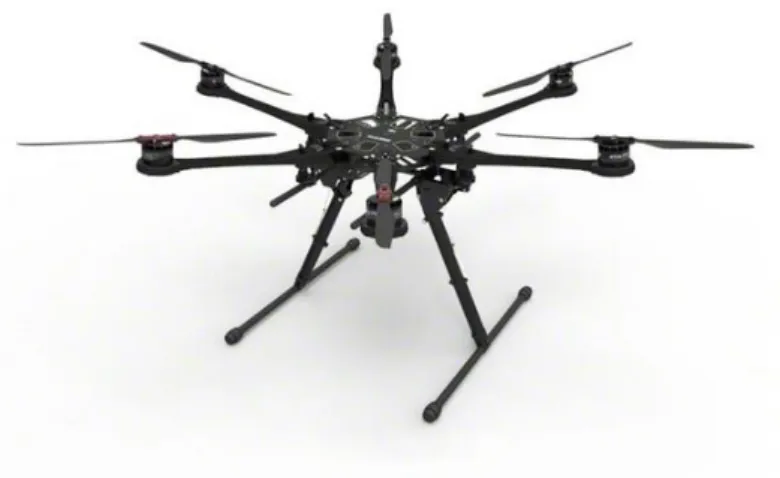 Fig. 1 – Fotografia del Drone S800 EVO progettato dalla compagnia DJI, rinomata nel settore  tecnologico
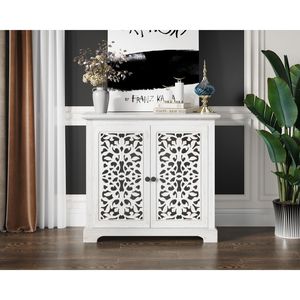 Mobiletto Vintage Antico con 2 Ante Intagliate, Credenza per Cucina, Sala da Pranzo, Soggiorno, Buffet e Consolle - Product Image 1
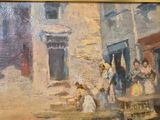 a painting of a group of people outside of a building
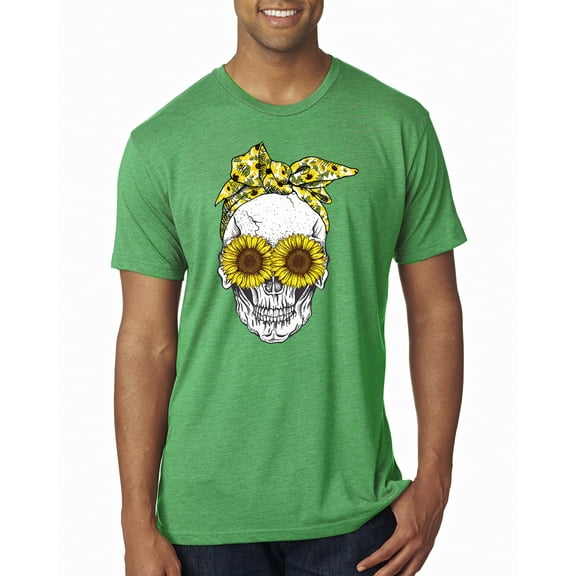 Wild Bobby, Skull Sunflower Skeleton Bandana Inspirational/Christian Mens Premium Tri Blend T-Shirt, Envy, Small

§ Goal of the exercise:
First drop every picture, then print the data above exactly as it stands.

§ Expected answer:
 Fig. 1 – Fotografia del Drone S800 EVO progettato dalla compagnia DJI, rinomata nel settore  tecnologico
 Mobiletto Vintage Antico con 2 Ante Intagliate, Credenza per Cucina, Sala da Pranzo, Soggiorno, Buffet e Consolle - Product Image 1
 a painting of a group of people outside of a building
 Wild Bobby, Skull Sunflower Skeleton Bandana Inspirational/Christian Mens Premium Tri Blend T-Shirt, Envy, Small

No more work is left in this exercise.